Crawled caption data
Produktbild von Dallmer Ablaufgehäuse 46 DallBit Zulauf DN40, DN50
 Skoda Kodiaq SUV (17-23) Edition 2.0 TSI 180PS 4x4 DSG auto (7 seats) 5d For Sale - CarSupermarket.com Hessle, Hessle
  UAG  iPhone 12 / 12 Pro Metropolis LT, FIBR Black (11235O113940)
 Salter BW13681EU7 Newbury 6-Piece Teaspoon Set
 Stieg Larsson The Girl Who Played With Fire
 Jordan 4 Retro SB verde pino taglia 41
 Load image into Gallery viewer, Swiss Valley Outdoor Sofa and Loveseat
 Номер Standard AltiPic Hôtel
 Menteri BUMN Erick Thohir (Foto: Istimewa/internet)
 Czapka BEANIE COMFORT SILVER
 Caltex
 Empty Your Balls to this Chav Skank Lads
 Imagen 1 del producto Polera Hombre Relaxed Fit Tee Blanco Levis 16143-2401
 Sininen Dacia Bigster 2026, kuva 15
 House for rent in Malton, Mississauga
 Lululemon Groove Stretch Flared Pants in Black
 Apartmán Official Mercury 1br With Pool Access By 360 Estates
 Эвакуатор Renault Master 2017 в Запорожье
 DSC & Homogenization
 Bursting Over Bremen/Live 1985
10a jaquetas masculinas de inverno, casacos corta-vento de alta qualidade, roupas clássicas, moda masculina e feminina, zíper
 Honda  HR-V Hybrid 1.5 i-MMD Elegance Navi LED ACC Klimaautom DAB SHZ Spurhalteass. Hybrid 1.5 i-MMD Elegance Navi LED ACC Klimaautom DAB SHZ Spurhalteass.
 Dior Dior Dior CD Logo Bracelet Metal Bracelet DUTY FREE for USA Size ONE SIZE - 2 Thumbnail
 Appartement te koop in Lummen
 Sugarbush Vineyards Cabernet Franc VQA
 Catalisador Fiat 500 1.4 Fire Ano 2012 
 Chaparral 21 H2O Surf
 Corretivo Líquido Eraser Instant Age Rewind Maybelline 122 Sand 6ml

== Task description ==
Would you output the lines from the one that contains "Lululemon Groove Stretch" to the end of the data, both ends included, exactly as they appear?

== Answer box ==
 Lululemon Groove Stretch Flared Pants in Black
 Apartmán Official Mercury 1br With Pool Access By 360 Estates
 Эвакуатор Renault Master 2017 в Запорожье
 DSC & Homogenization
 Bursting Over Bremen/Live 1985
10a jaquetas masculinas de inverno, casacos corta-vento de alta qualidade, roupas clássicas, moda masculina e feminina, zíper
 Honda  HR-V Hybrid 1.5 i-MMD Elegance Navi LED ACC Klimaautom DAB SHZ Spurhalteass. Hybrid 1.5 i-MMD Elegance Navi LED ACC Klimaautom DAB SHZ Spurhalteass.
 Dior Dior Dior CD Logo Bracelet Metal Bracelet DUTY FREE for USA Size ONE SIZE - 2 Thumbnail
 Appartement te koop in Lummen
 Sugarbush Vineyards Cabernet Franc VQA
 Catalisador Fiat 500 1.4 Fire Ano 2012 
 Chaparral 21 H2O Surf
 Corretivo Líquido Eraser Instant Age Rewind Maybelline 122 Sand 6ml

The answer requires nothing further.